## REQUIRED ACTION
Go through the following data and transcribe exactly the stretch of lines from the one holding "Trilocale in affitto" to the one holding "Detail Gallery Image", both included.

————————

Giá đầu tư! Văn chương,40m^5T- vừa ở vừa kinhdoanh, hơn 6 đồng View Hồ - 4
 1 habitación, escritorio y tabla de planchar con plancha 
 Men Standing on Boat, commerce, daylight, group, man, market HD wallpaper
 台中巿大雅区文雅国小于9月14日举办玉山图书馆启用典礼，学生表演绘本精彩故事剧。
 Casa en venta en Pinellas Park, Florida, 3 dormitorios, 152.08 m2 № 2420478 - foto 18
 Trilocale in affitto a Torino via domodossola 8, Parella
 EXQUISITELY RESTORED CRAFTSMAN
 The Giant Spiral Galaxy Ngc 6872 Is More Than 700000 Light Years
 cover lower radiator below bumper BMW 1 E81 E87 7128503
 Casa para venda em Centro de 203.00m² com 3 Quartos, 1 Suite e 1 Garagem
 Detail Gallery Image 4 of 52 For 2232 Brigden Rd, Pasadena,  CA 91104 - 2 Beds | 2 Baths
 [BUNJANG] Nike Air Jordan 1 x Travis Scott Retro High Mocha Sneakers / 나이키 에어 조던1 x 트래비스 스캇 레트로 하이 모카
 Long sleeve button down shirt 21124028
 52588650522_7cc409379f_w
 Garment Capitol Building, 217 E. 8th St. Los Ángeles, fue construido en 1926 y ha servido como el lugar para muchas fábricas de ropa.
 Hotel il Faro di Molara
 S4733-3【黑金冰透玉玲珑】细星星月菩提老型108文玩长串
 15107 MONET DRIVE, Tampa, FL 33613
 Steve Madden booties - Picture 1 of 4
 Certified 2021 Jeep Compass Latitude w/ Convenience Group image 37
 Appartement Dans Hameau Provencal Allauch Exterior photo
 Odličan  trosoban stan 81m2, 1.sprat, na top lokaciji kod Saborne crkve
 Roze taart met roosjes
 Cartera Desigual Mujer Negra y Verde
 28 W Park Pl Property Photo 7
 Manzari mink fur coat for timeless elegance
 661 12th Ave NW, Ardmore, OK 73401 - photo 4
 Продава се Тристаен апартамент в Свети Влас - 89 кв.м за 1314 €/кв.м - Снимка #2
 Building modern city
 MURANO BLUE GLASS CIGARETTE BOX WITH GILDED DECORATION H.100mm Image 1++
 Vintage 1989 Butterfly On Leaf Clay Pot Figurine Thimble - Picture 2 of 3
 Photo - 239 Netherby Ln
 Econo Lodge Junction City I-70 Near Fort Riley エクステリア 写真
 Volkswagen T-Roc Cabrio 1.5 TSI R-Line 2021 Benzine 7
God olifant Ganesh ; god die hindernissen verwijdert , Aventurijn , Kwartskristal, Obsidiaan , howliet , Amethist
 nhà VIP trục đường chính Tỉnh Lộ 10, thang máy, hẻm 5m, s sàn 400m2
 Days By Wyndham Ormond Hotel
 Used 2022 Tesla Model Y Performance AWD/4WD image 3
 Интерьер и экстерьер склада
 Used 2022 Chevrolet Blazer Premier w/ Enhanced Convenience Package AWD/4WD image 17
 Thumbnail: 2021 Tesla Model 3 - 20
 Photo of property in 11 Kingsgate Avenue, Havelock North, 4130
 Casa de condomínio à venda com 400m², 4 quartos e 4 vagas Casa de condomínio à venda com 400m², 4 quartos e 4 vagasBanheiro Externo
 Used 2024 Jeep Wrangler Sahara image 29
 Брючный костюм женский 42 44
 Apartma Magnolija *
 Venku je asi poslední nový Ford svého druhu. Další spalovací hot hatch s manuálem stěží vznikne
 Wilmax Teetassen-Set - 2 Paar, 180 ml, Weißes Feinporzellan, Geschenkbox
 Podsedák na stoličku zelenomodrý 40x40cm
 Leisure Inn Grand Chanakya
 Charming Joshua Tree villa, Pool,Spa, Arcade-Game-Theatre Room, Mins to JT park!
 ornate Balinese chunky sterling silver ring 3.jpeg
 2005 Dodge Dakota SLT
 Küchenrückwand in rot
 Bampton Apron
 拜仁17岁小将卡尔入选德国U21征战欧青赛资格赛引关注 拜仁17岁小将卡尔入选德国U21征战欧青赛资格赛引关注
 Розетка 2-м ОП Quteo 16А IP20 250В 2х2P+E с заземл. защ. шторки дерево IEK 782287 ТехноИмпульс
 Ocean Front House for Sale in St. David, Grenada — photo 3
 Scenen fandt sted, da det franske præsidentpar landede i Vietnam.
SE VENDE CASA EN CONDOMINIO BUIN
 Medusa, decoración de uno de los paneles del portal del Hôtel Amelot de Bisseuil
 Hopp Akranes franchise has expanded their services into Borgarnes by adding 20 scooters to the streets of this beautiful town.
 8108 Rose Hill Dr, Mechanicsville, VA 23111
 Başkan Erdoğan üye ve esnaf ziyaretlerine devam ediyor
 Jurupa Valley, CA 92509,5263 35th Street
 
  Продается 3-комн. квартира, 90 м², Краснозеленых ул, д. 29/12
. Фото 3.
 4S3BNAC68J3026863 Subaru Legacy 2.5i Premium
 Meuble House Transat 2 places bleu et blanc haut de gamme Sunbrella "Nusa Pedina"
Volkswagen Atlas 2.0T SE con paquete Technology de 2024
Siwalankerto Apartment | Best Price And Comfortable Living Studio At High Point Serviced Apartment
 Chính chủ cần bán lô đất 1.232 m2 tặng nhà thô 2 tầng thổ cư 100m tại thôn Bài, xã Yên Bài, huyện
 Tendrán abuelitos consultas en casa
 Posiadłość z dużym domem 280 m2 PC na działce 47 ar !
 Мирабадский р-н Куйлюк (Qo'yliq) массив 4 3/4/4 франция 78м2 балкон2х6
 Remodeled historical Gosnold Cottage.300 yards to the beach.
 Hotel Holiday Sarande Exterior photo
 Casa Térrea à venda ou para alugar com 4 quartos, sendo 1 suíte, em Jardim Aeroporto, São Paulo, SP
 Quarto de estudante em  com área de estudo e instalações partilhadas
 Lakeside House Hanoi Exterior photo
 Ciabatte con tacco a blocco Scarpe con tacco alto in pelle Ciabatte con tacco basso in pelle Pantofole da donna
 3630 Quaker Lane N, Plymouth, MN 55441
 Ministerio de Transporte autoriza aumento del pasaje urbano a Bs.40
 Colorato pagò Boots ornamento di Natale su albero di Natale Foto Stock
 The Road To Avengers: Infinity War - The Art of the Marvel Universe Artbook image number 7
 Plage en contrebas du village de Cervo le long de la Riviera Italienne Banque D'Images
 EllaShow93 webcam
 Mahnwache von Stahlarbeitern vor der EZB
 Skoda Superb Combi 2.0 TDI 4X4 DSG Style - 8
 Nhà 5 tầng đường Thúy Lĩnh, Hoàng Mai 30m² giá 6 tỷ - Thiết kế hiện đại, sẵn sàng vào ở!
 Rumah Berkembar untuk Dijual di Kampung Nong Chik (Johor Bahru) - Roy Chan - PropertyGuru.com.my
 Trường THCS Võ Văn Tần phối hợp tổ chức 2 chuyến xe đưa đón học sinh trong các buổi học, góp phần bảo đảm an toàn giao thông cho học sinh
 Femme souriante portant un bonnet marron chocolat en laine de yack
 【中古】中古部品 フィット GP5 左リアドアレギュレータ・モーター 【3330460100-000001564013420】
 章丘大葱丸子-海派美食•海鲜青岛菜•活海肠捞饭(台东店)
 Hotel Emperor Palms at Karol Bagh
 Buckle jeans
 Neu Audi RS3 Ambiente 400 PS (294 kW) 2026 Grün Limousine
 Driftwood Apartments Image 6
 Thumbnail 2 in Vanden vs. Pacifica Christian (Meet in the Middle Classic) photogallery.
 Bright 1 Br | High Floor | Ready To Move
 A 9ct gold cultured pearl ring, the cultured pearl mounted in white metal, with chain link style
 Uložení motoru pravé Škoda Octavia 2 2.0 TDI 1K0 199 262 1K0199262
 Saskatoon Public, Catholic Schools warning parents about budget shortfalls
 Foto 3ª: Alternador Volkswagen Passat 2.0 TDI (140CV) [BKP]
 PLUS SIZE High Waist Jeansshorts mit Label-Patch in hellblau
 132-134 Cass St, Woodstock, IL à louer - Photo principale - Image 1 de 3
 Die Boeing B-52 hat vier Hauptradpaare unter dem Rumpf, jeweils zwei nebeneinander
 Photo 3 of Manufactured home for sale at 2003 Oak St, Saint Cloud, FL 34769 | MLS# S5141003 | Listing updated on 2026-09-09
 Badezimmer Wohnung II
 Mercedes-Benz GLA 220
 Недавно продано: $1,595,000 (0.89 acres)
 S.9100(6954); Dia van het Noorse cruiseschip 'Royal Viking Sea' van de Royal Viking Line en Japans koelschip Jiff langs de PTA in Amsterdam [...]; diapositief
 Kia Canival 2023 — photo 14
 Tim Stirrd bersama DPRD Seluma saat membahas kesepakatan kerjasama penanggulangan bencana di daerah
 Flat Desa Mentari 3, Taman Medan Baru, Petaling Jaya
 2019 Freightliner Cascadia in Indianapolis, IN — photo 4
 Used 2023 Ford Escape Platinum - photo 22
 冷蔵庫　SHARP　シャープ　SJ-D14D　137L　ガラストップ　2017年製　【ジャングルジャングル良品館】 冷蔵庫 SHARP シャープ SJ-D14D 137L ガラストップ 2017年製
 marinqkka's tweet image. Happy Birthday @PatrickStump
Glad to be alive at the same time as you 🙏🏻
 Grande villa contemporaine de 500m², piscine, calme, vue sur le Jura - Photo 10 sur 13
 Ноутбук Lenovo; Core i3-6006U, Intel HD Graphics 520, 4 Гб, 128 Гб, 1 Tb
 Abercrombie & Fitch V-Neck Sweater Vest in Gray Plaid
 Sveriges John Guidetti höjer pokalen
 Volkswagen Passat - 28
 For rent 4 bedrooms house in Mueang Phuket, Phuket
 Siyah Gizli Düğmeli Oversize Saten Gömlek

————————

## ANSWER SECTION
 Trilocale in affitto a Torino via domodossola 8, Parella
 EXQUISITELY RESTORED CRAFTSMAN
 The Giant Spiral Galaxy Ngc 6872 Is More Than 700000 Light Years
 cover lower radiator below bumper BMW 1 E81 E87 7128503
 Casa para venda em Centro de 203.00m² com 3 Quartos, 1 Suite e 1 Garagem
 Detail Gallery Image 4 of 52 For 2232 Brigden Rd, Pasadena,  CA 91104 - 2 Beds | 2 Baths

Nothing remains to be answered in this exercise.